Exercise description. Leave every picture out and give back the lines below from the first through the line that holds "FPF declaró infundada", exactly as written.

Task data.
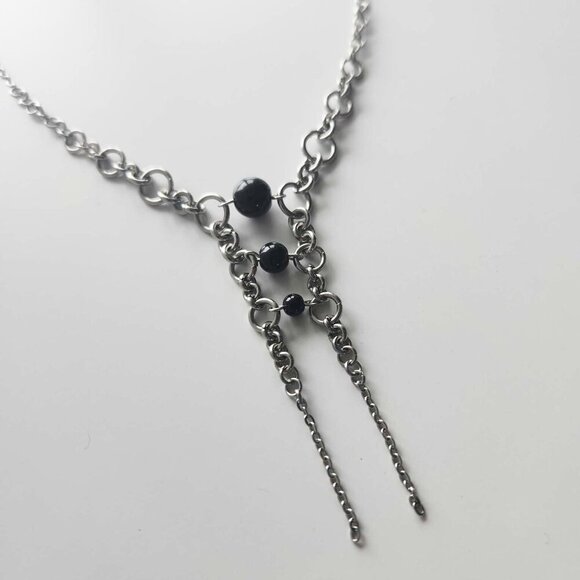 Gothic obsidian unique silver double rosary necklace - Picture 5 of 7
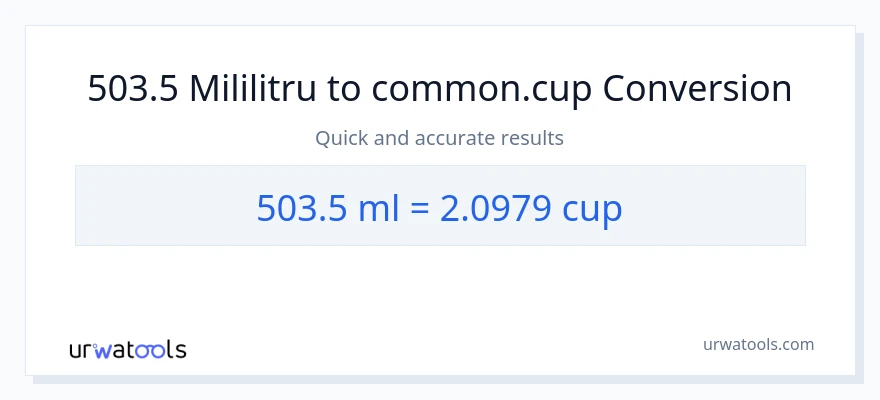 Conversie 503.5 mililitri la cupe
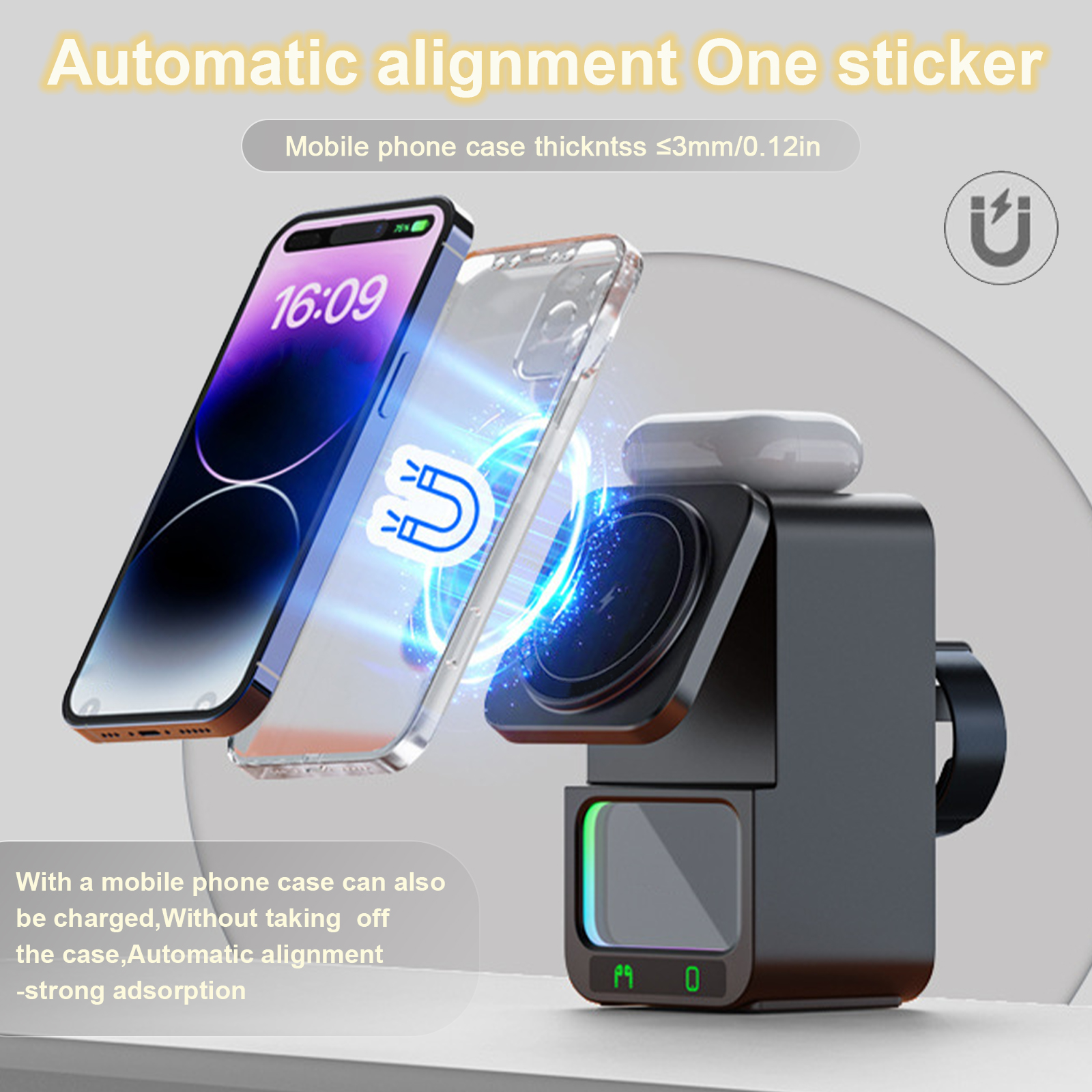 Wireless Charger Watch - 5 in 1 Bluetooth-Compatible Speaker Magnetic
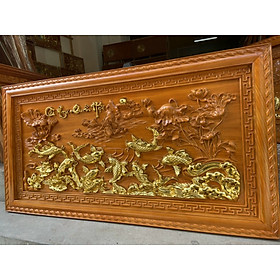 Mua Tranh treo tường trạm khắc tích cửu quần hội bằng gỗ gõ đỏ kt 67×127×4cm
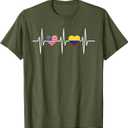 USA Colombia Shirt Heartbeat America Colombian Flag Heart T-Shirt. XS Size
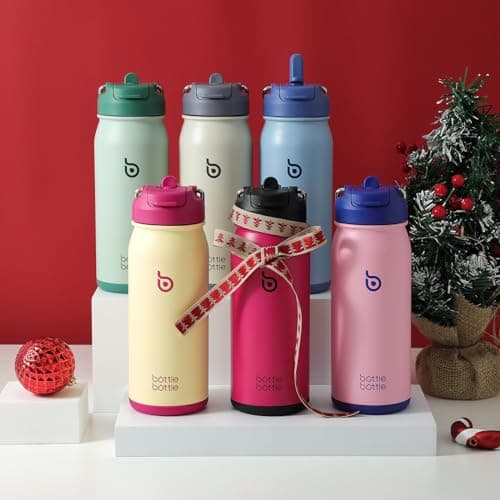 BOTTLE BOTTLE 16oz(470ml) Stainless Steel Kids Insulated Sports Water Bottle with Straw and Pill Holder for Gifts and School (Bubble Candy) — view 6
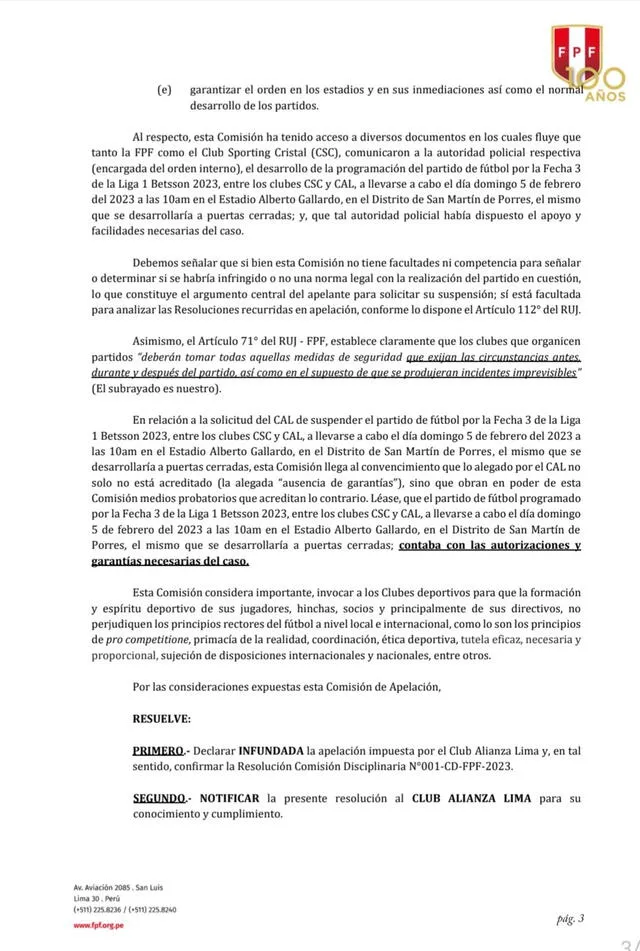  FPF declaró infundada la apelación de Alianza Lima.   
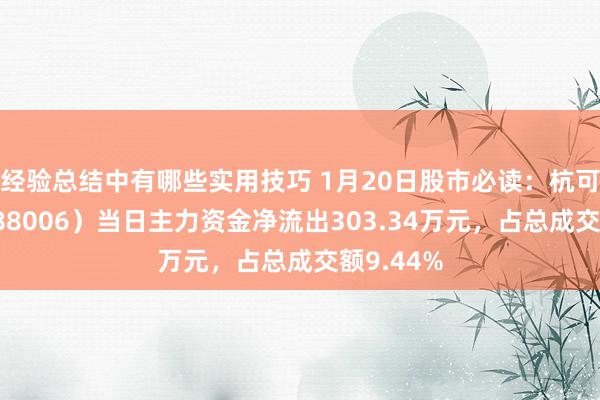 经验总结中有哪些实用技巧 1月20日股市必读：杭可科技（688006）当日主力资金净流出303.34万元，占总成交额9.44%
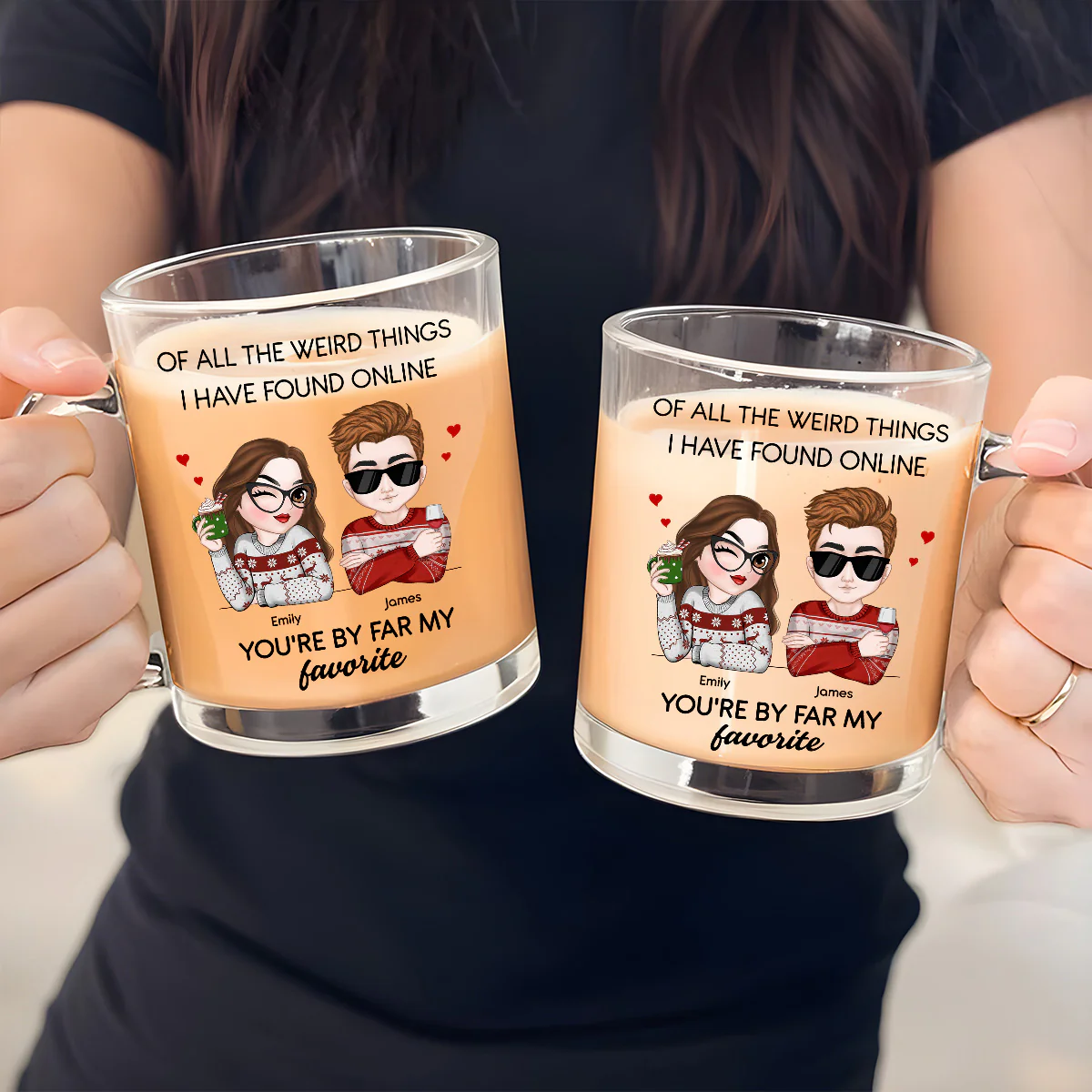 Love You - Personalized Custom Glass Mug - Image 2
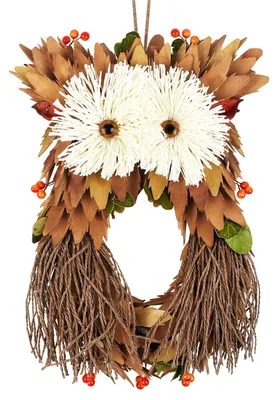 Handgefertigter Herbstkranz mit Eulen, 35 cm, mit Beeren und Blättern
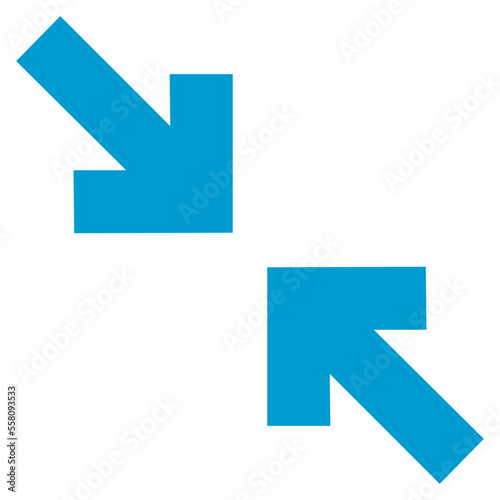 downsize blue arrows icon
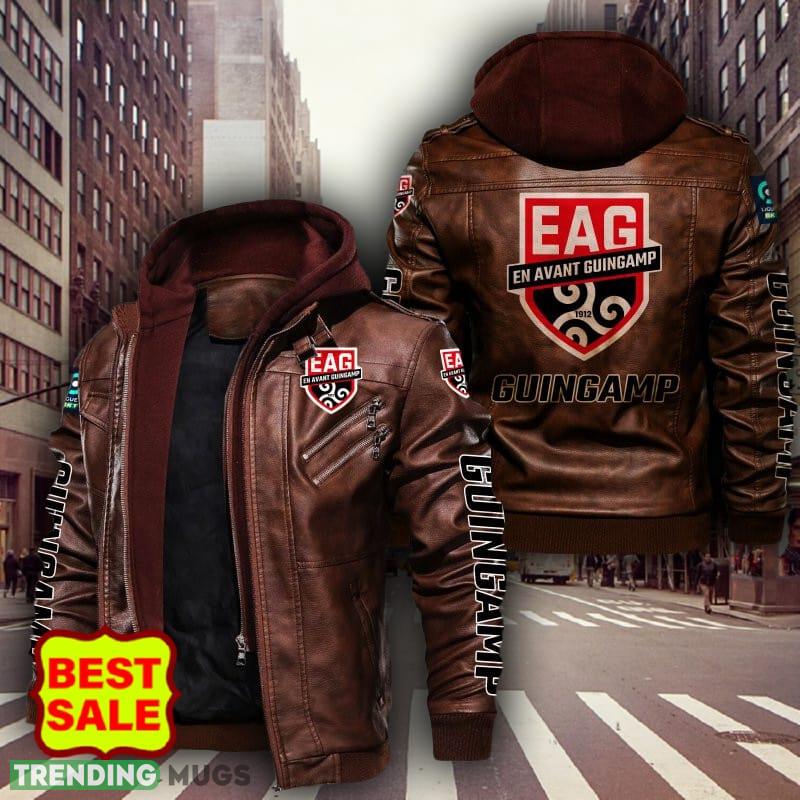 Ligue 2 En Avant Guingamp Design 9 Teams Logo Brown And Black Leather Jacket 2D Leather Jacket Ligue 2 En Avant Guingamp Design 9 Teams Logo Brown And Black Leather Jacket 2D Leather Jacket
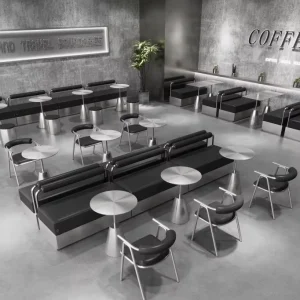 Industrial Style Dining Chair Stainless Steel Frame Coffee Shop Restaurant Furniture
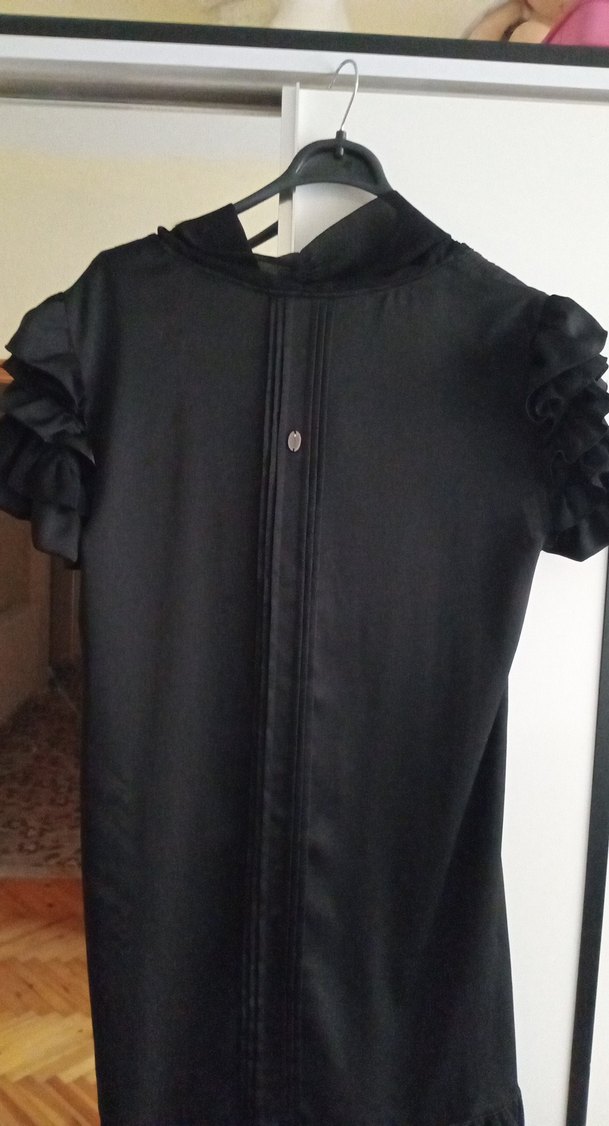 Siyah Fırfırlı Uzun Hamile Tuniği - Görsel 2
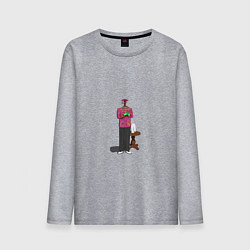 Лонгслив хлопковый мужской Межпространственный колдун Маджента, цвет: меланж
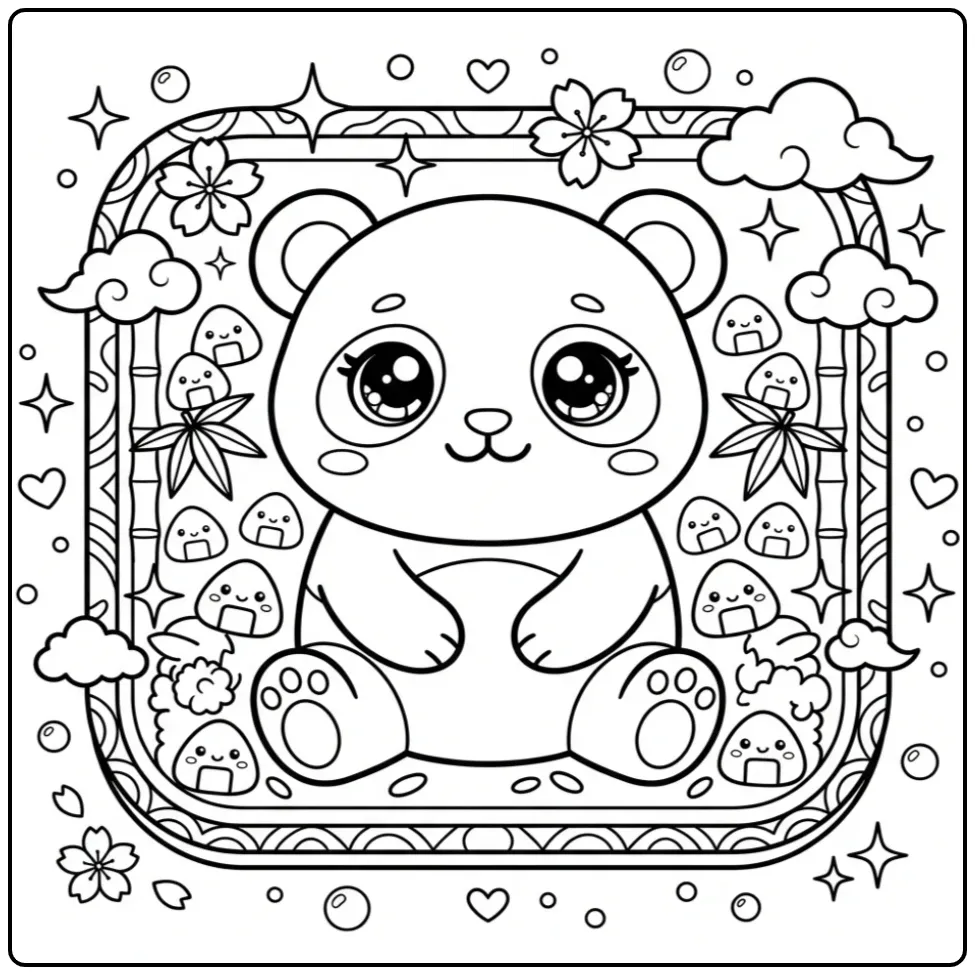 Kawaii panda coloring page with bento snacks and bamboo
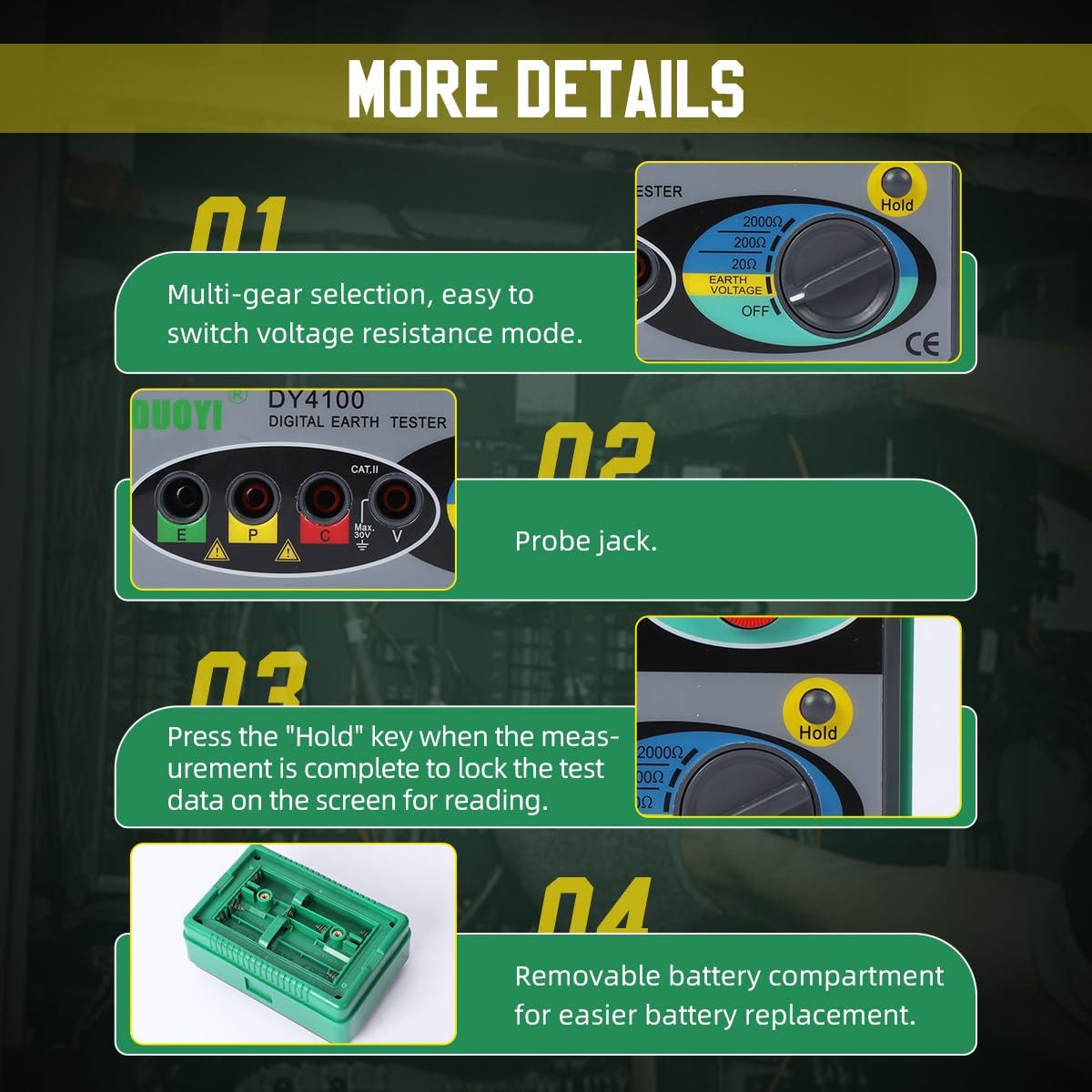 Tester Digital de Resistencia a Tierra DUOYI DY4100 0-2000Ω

Solved exercise.
 Gothic obsidian unique silver double rosary necklace - Picture 5 of 7
 Conversie 503.5 mililitri la cupe
 Wireless Charger Watch - 5 in 1 Bluetooth-Compatible Speaker Magnetic
 Mua Tranh treo tường trạm khắc tích cửu quần hội bằng gỗ gõ đỏ kt 67×127×4cm
 USA Colombia Shirt Heartbeat America Colombian Flag Heart T-Shirt. XS Size
 BOTTLE BOTTLE 16oz(470ml) Stainless Steel Kids Insulated Sports Water Bottle with Straw and Pill Holder for Gifts and School (Bubble Candy) — view 6
  FPF declaró infundada la apelación de Alianza Lima.   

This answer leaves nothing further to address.